▶ [Activity]:
Repeat every entry word for word; omit all pictures.

▶ [Data for processing]:
##############################
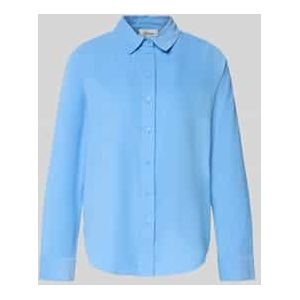 s.Oliver RED LABEL - Overhemdblouse - Effen - Regular Fit - Lange Mouwen - Puur Katoen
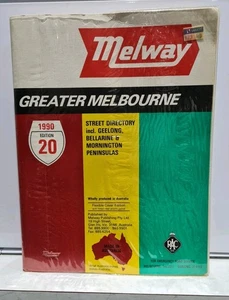 Vintage Melway Greater Melbourne Street Directory 1990 Edition 20 - Picture 1 of 5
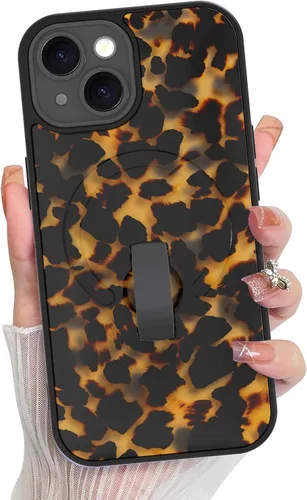 Vista 196 de KANGHAR Compatible con iPhone 17 Pro Case Spot Pattern - Negro Mancha rosada negra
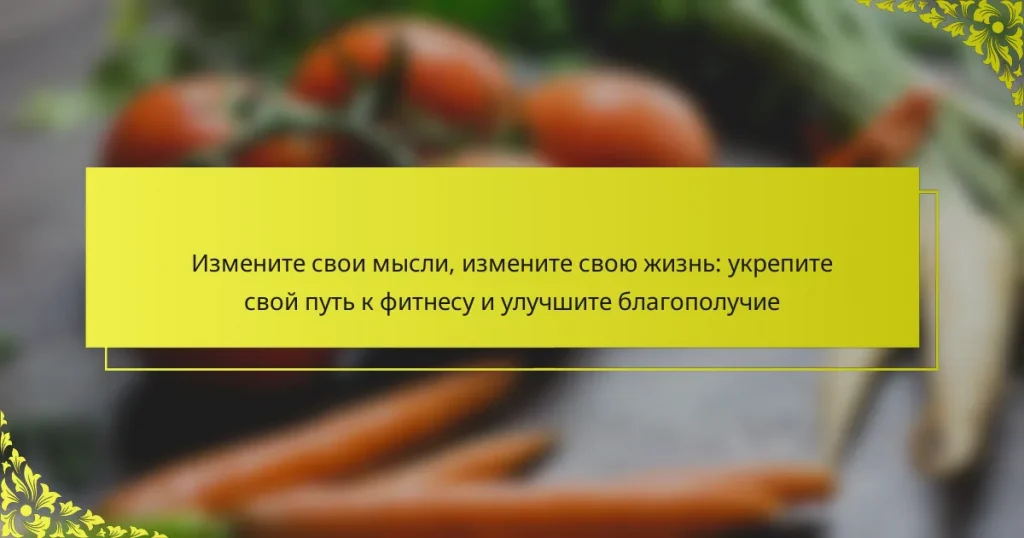 Измените свои мысли, измените свою жизнь: укрепите свой путь к фитнесу и улучшите благополучие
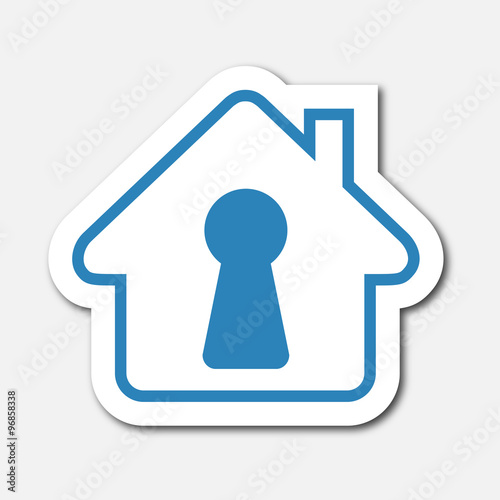 Logo maison et serrure.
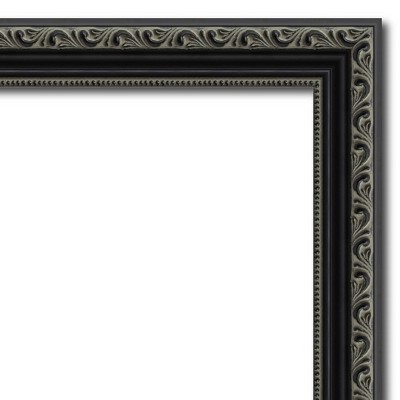 PosterPalooza | Photo Size Antique Black Picture Frame - UV Acrylic, Foam Board Backing, Hanging Hardware
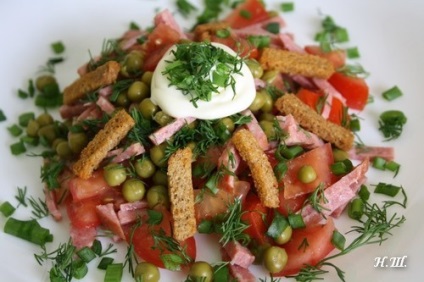 Salate cu Kirieshki - Retete cu fotografii (salate) Salate cu Kirieshki - rețete cu fotografii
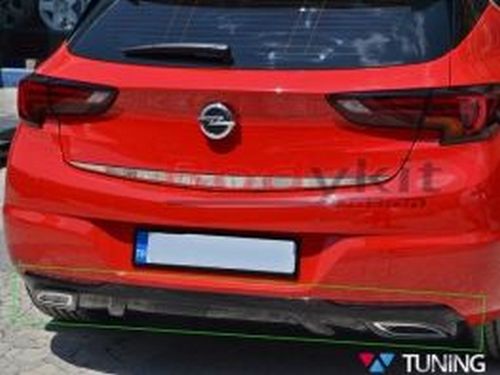 Диффузор заднего бампера OPEL Astra K (2015-) Hatchback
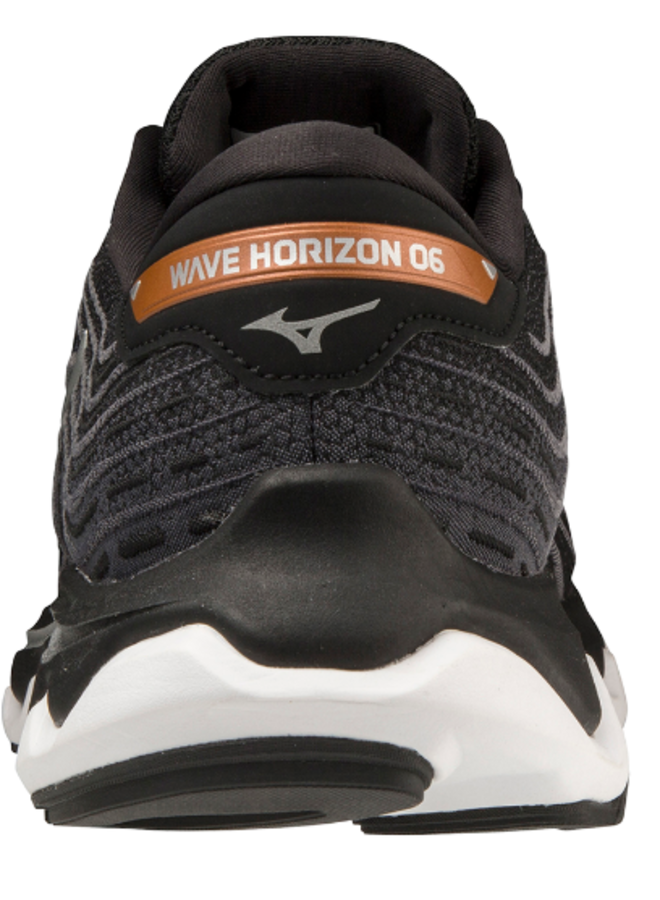 Mizuno Wave Horizon 6 zwart hardloopschoenen heren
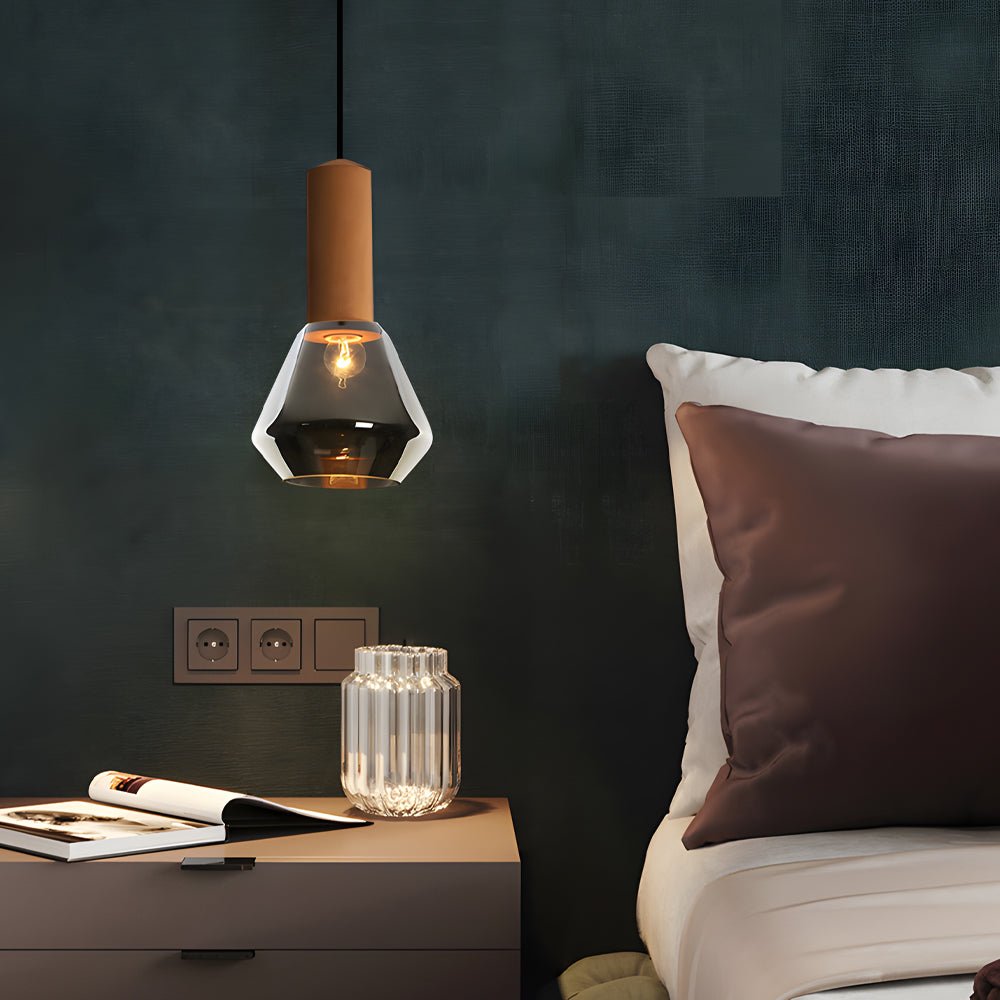 CHALFONT COPPER-CLAD DIAMOND PENDANT LIGHT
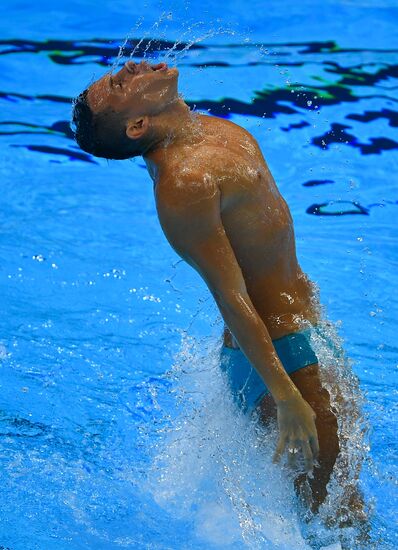 South Korea Aquatics Worlds Mixed Duet Free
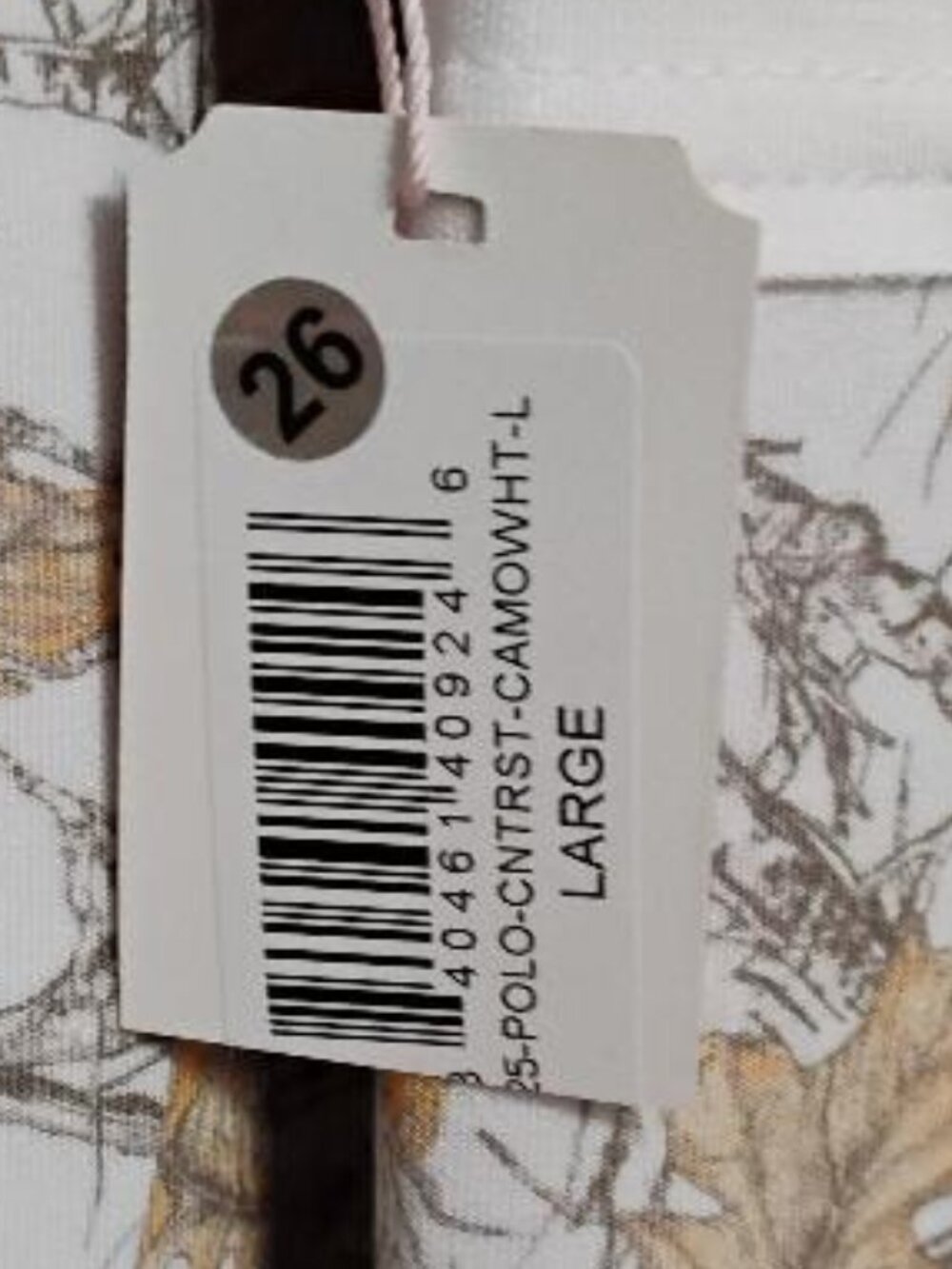 Simply Southern Polo Camo White Contrast Long Sleeve Size L NWT - Picture 3 of 8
##############################
▶ [Reply to the exercise]:
 s.Oliver RED LABEL - Overhemdblouse - Effen - Regular Fit - Lange Mouwen - Puur Katoen
 Vintage Melway Greater Melbourne Street Directory 1990 Edition 20 - Picture 1 of 5
 Vista 196 de KANGHAR Compatible con iPhone 17 Pro Case Spot Pattern - Negro Mancha rosada negra
 Измените свои мысли, измените свою жизнь: укрепите свой путь к фитнесу и улучшите благополучие
 Logo maison et serrure.
 PosterPalooza | Photo Size Antique Black Picture Frame - UV Acrylic, Foam Board Backing, Hanging Hardware
 Salate cu Kirieshki - Retete cu fotografii (salate) Salate cu Kirieshki - rețete cu fotografii
 Диффузор заднего бампера OPEL Astra K (2015-) Hatchback
 Mizuno Wave Horizon 6 zwart hardloopschoenen heren
 CHALFONT COPPER-CLAD DIAMOND PENDANT LIGHT
 South Korea Aquatics Worlds Mixed Duet Free
 Simply Southern Polo Camo White Contrast Long Sleeve Size L NWT - Picture 3 of 8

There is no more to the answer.